One of this fundamental abstractions is a Functor. If your datatype is a functor, you can map a function over it. Nothing more, nothing less. For example, an array or list is a Functor where you apply a function for each element (you may know this from Java streams or JavaScript Array.map). In Haskell, this works over any datatype that "contains" other data. So let's define such a datatype - note that we leave the type of data in the tree abstract, in the Java example it was int:
module Main where
data Tree a = Leaf | Node (Tree a) a (Tree a)
This declaration is fundamentally the same as the Node class in the Java example.

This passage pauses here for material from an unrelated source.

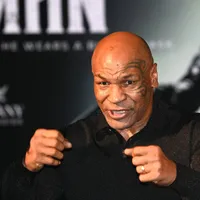 Legenda boxului mondial revine în ring la 57 de ani - Foto: Profimedia images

Just instead of null we use Leaf to signal empty children and we did not name the data left, value, right, but just put them in that order.

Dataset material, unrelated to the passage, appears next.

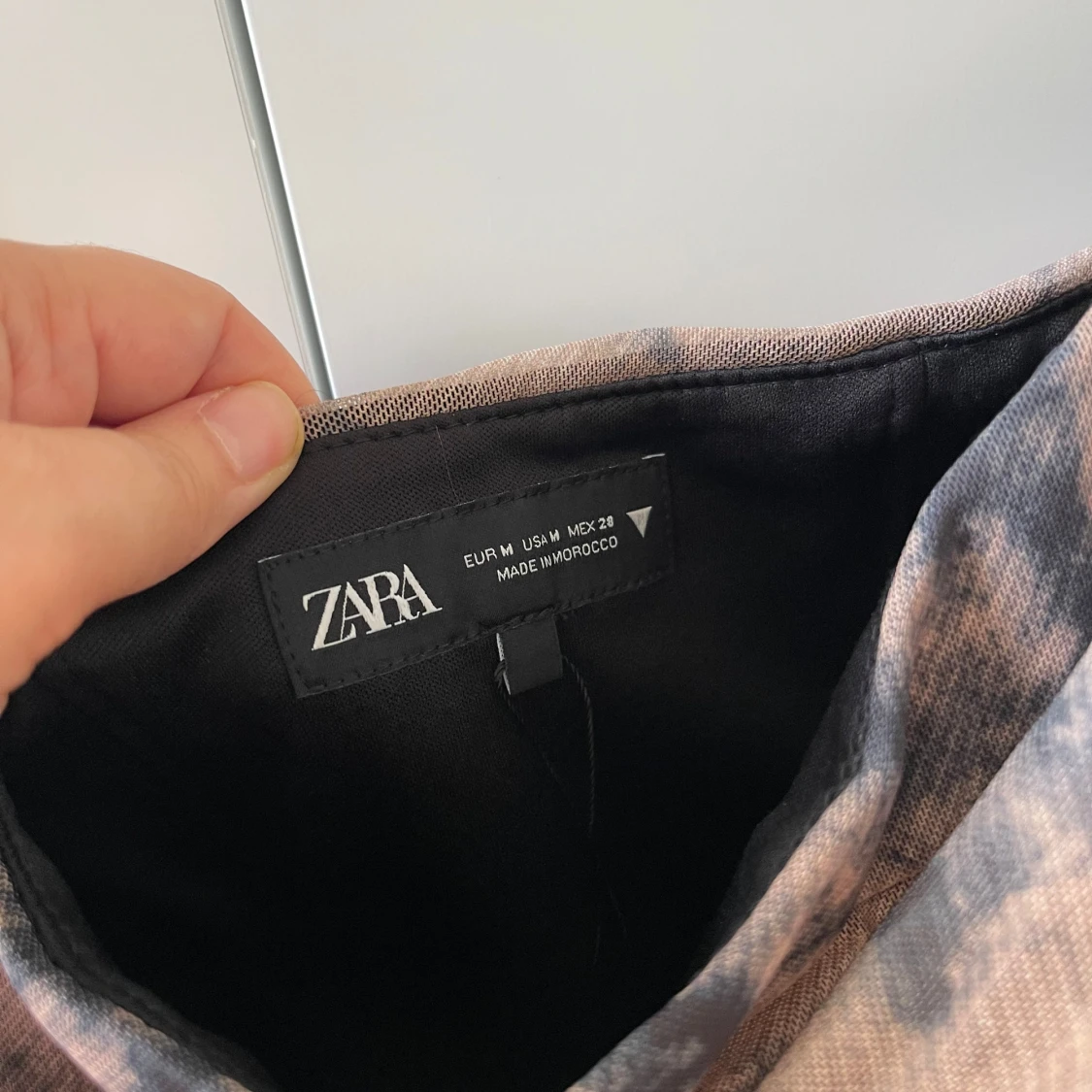 Beige och svart draperad linnetopp Zara - 2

So, now back to functor: The compiler is able to automatically generate the code you would need to implement this mapping. All you need to do is to enable that feature and use the deriving clause.
{-# LANGUAGE DeriveFunctor #-}
module Main where
data Tree a = Leaf | Node (Tree a) a (Tree a)
deriving Functor
This would already allow us to increment all nodes in the tree by one for example:
incrementNodes :: Tree Int -> Tree Int
incrementNodes tree = fmap (+1) tree
But now we would like to map and collect at the same time. We solved the first half, let's do the second half. For collapsing a structure down to a singular value, there is the type class Foldable that requires your data to be a Functor already. Again, array and lists are foldable, and it works just like collect in Java 8 and Array.reduce in JavaScript. And again, this can be automatically generated by the compiler for you:
{-# LANGUAGE DeriveFunctor #-}
{-# LANGUAGE DeriveFoldable #-}
module Main where
data Tree a = Leaf | Node (Tree a) a (Tree a)
deriving (Functor, Foldable)
Now we could calculate the sum of all nodes for example:
sumNodes :: Tree Int -> Int
sumNodes tree = foldr (+) 0 tree
Now to the last step: mapping and folding in one. For this we need another abstraction - Traversable. This class allows to map and also simultaneously keep track of some "side effects", but needs your data to be Foldable already. For example we can keep track of some local state - the current sum. And like the classes before, the compiler can generate it automatically for us:
{-# LANGUAGE DeriveFunctor #-}
{-# LANGUAGE DeriveFoldable #-}
{-# LANGUAGE DeriveTraversable #-}
module Main where
data Tree a = Leaf | Node (Tree a) a (Tree a)
deriving (Functor, Foldable, Traversable)
With all this in place, our final solution is pretty simple:
solve :: Tree Int -> (Int, Tree Int)
solve tree = mapAccumR (\a b -> (a + b, a)) 0 tree
mapAccumR is a function from the Haskell standard library that is defined like this:
mapAccumR :: Traversable t => (a -> b -> (a, c)) -> a -> t b -> (a, t c)
mapAccumR fun init x = runStateR (traverse (StateR . flip fun) x) init
This exact definition is not that important, just see that in the inner parenthesis it uses StateR to make your function behave like a side effect. Then it uses traverse to combine the stateful effects in the right order and runStateR then executes them one by one.
Java required us to write a toString method by hand. In Haskell we can again use the compiler for this by deriving Show. So with a main method to make everything runnable, our complete code for the puzzle is just:
{-# LANGUAGE DeriveFunctor #-}
{-# LANGUAGE DeriveFoldable #-}
{-# LANGUAGE DeriveTraversable #-}
module Main where
data Tree a = Leaf | Node (Tree a) a (Tree a)
deriving (Show, Functor, Foldable, Traversable)
solve :: Tree Int -> (Int, Tree Int)
solve tree = mapAccumR (\a b -> (a + b, a)) 0 tree
testTree :: Tree Int
testTree =
Node
(Node
(Node Leaf 1 Leaf)
2
Leaf
)
5
(Node
(Node
Leaf
6
(Node Leaf 6 Leaf)
)
7
(Node Leaf 8 Leaf)
)
main :: IO ()
main = do
let (sum, tree) = solve testTree
print tree
Conclusion
As you can see if the compiler has your back, you can severely cut down the number of lines of code. More code always means more bugs, so everything we do not have to write ourselves is good.